Over the past week, interested artists were invited to King Edward School for a brief tour of the available spaces. This was an idea suggested to us by the cSPACE staff, and it was a good one – because the turn-around on this project is so quick, whatever elements can be stream-lined for participants will save valuable time in the imminent future. Viewing the space is a huge hurdle, and hopefully the tours will help with that first leap.

Watching artists explore the nooks and crannies brought about three epiphanies:

1) Artists have a mind-boggling ability to see the potential in anything. Even complete “garbage.”

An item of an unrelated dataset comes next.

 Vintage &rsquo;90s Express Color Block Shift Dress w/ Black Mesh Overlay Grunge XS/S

2) Working on PHANTOM WING is going to feel like a super cool 1980’s high school movie where the students snub authority, trump their superiors, and overtake their school. Let the spit-balls fly!

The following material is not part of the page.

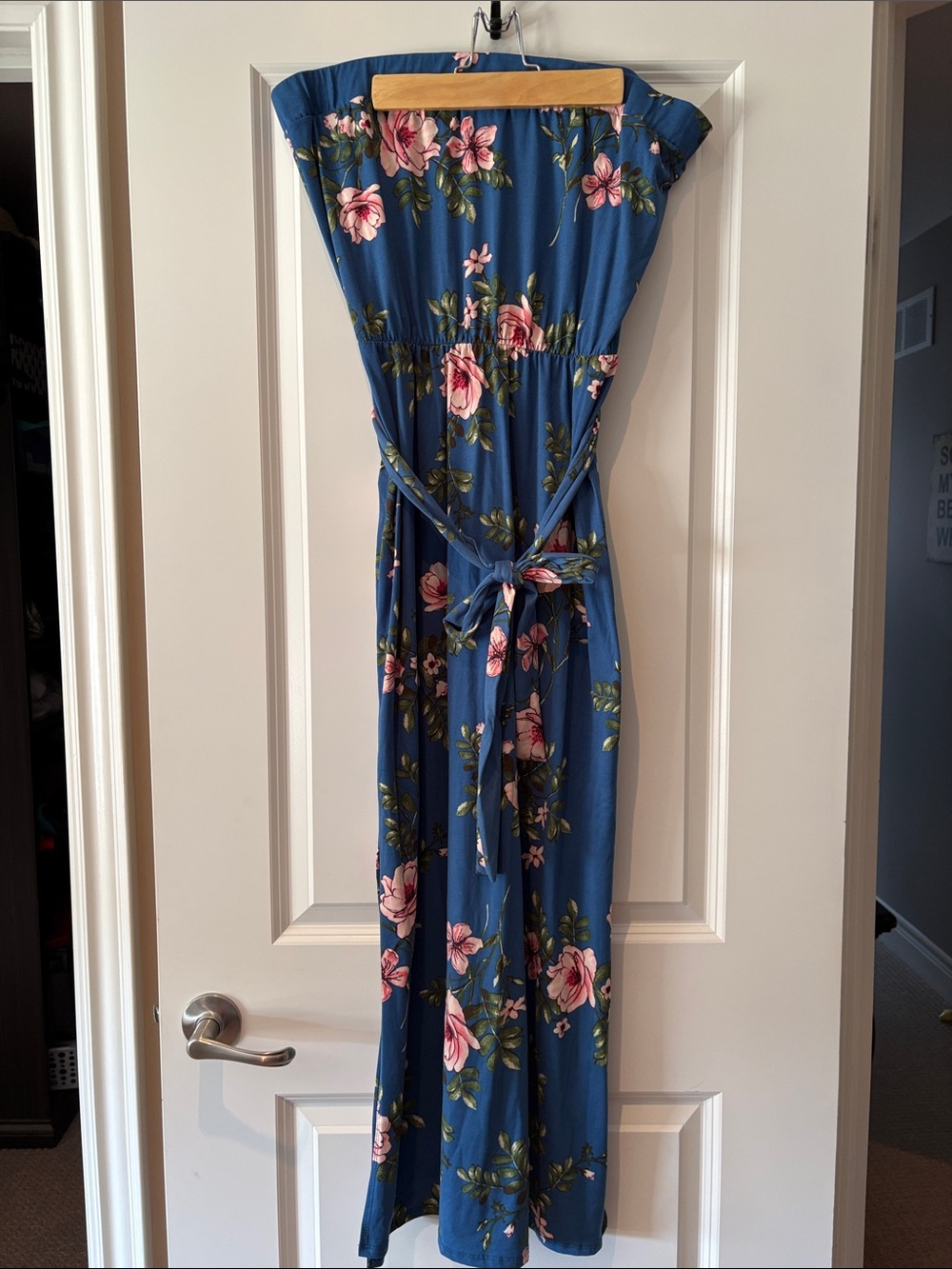 Blue Floral Strapless Maxi Dress with Tie Waist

3) Finally: for the Curators, this is going to be hard. How the hell are we going to choose from all the amazing submissions we’re bound to get? But I guess that’s life – sometimes you’ve got to bite the bullet. We’re just excited that people are pumped!

But getting back to the King Edward School tours, the ability to preview the wing was a necessary luxury for many of our prospective artists. Installation artworks by their very nature seem to require a keen awareness of space. King Edward School offers both gaping spaces, and an assortment of limitations (the biggest being the presence of asbestos in the drywall mud). But the school is mysterious and presents various surprises – especially in its current abandoned state. Experiencing the spaces flushes out its many hidden potentials.


Mysterious splooge, likely a remnant of one of King Edward’s floods


A book, abandoned in one of the class rooms


Hockey gear, available as materials for artists to use

On a separate note, the cSPACE technicians have been kind enough to begin collecting materials for us to work with onsite. These collections come from all over the school and include everything from ersatz gym equipment to forgotten theatre props. Scrap metal is available, along with piping, plexiglas, and tons of ceiling panels, bulletin boards, and chalk boards. Desks and chairs, unfortunately for us, are mostly being re-appropriated as part of cSPACE’s future designs. But one can only imagine that there will be much poking around for other materials onsite once the artists are selected.


Artists scoping the materials set aside for them at King Edward School


Suzen Green exploring one of the classrooms on the second floor of the school

A reminder: our Call for Submissions deadline in on Monday, August 26th 2013. Interested in acting out your art-based fantasies on a abandoned school wing scheduled for imminent demolition? Then this might be the project for you.


On the roof of the school – how many students wished they could do this?